Below are some records. Quote exactly the lines from the one that contains "Piaggio Vespa 125 2016 Bạc" through the last, both included, and leave out the pictures.

Start of Data to use

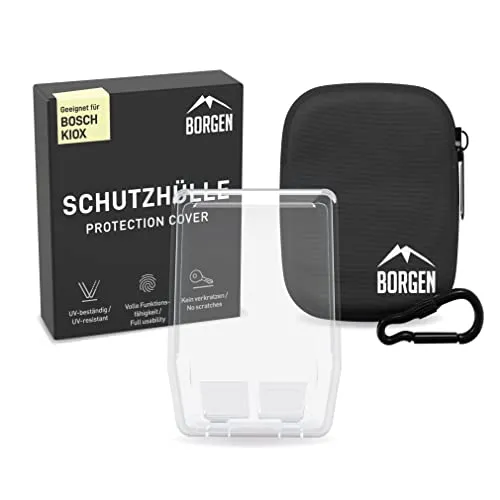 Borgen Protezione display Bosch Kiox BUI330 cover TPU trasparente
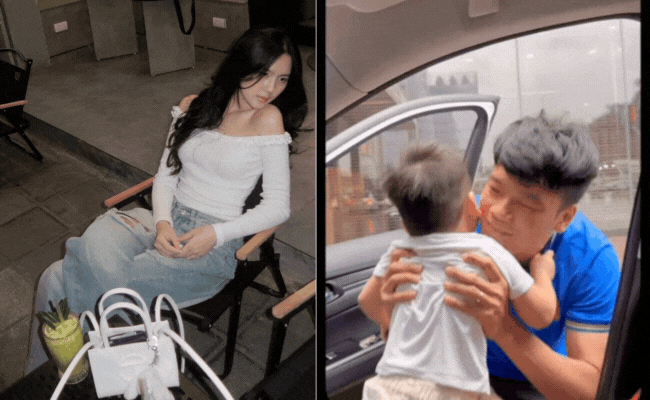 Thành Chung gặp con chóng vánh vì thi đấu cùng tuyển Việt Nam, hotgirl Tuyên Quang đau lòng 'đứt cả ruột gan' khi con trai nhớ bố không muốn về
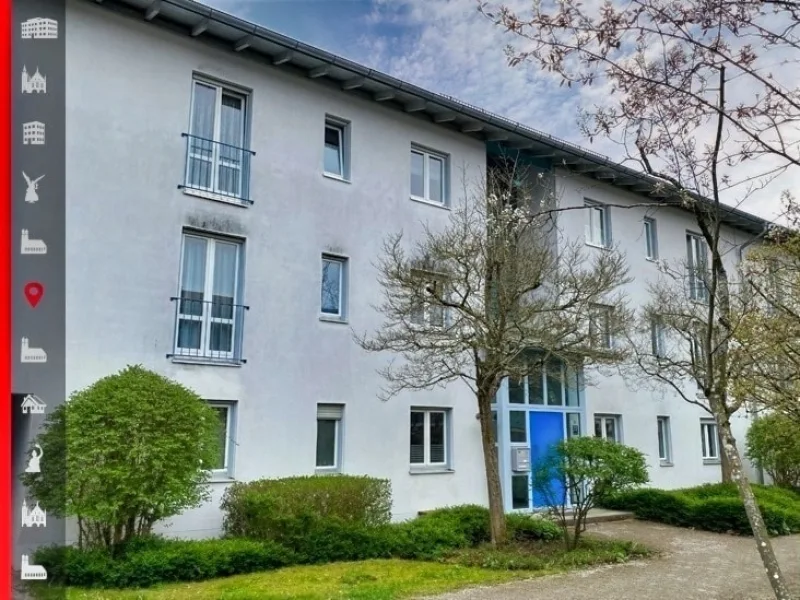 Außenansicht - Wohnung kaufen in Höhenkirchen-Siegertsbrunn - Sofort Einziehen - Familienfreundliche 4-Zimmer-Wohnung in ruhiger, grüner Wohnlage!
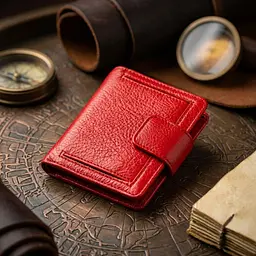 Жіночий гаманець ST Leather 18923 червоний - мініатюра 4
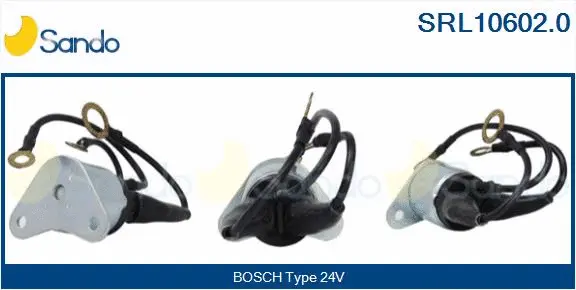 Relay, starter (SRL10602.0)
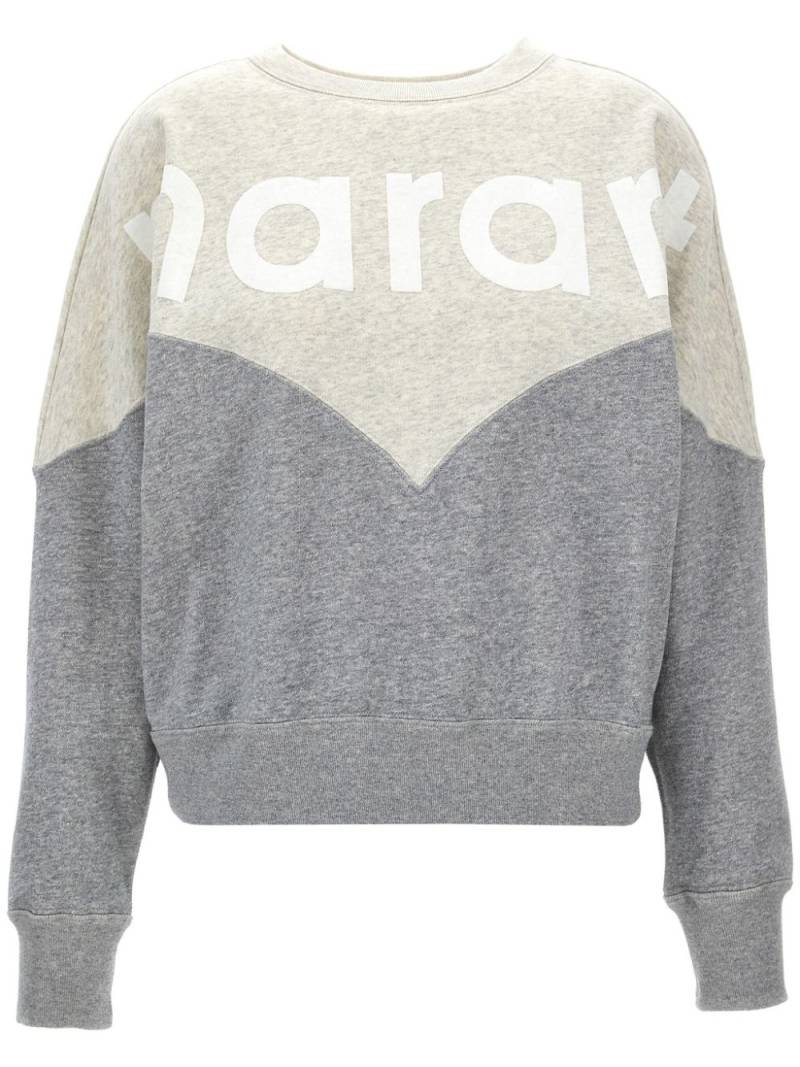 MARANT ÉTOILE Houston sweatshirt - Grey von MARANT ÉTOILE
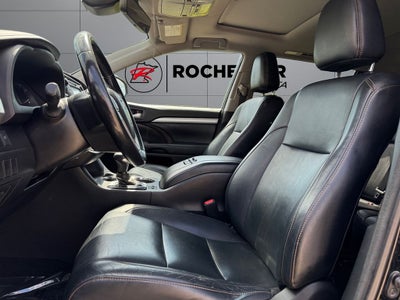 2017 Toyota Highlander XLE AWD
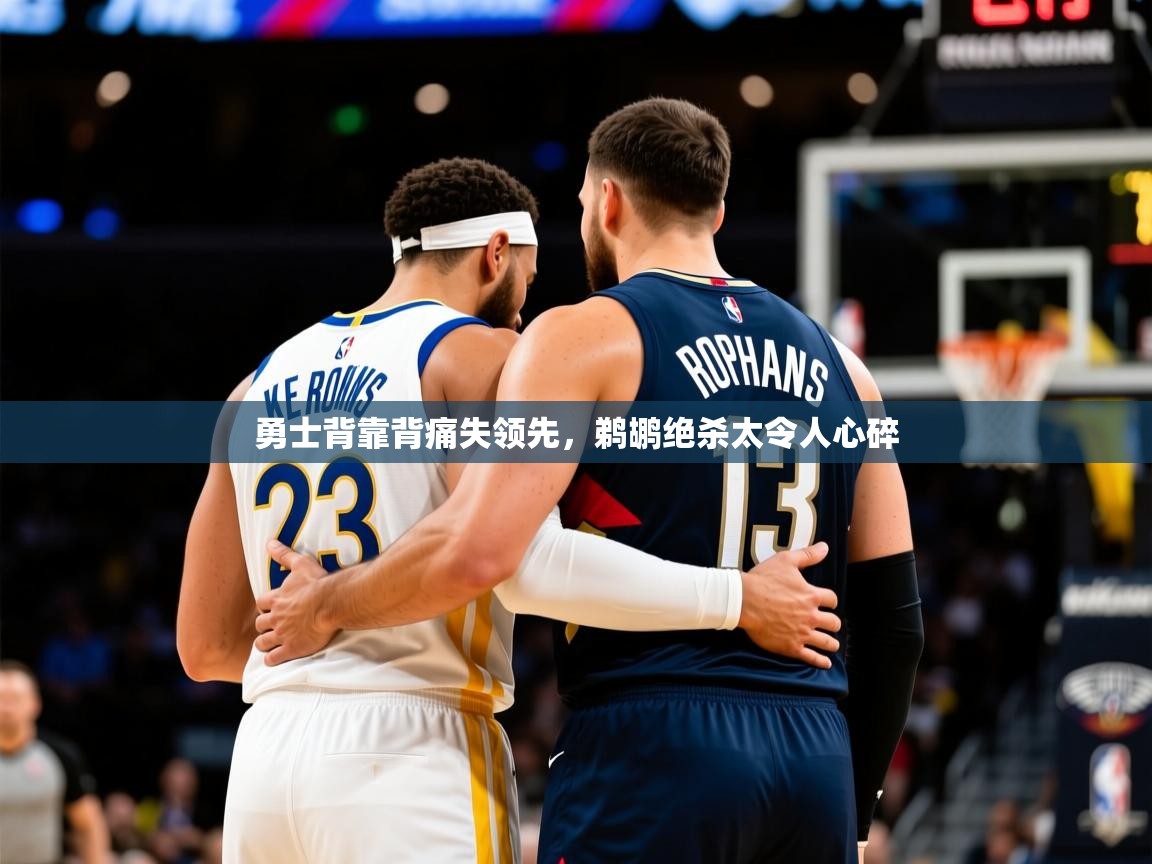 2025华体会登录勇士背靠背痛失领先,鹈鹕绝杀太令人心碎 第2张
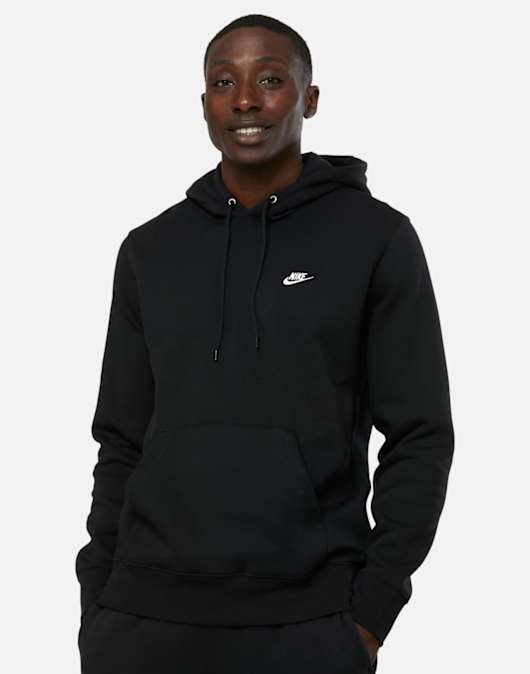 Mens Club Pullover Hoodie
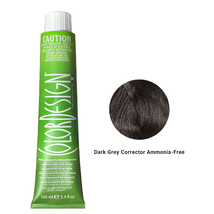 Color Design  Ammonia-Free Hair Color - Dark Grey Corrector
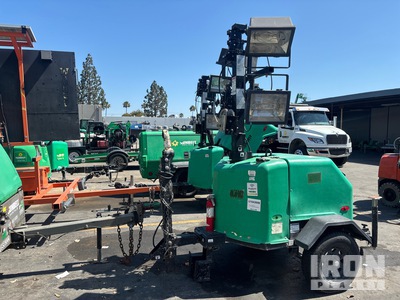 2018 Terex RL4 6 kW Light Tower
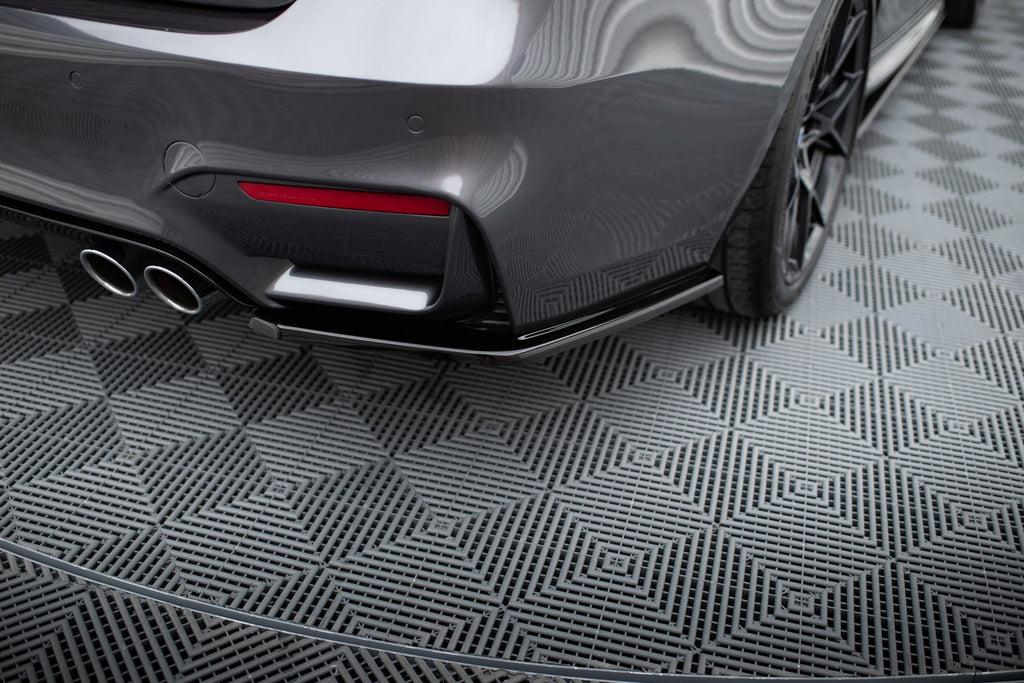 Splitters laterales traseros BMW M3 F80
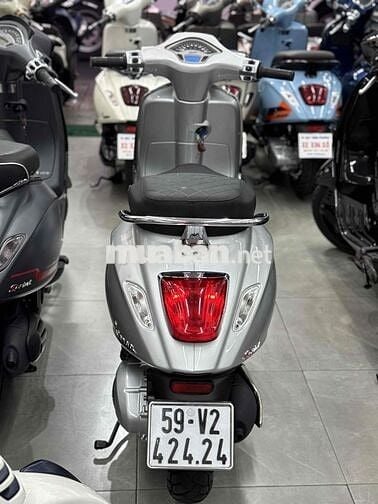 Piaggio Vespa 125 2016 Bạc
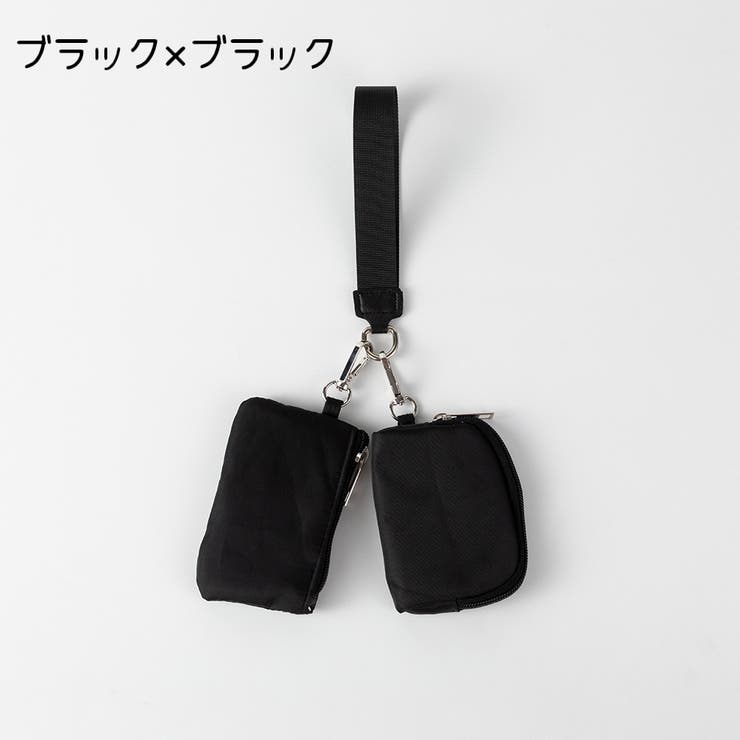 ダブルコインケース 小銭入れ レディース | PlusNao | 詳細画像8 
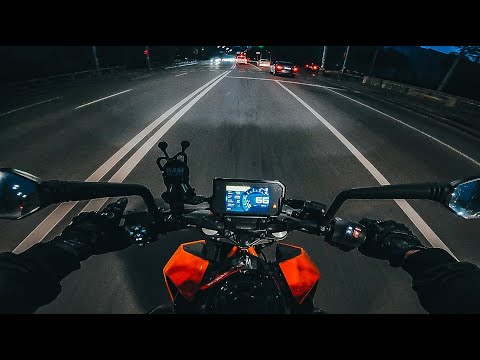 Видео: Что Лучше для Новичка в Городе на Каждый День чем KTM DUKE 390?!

End of Data to use

Written solution >>
 Piaggio Vespa 125 2016 Bạc
 ダブルコインケース 小銭入れ レディース | PlusNao | 詳細画像8 
 Видео: Что Лучше для Новичка в Городе на Каждый День чем KTM DUKE 390?!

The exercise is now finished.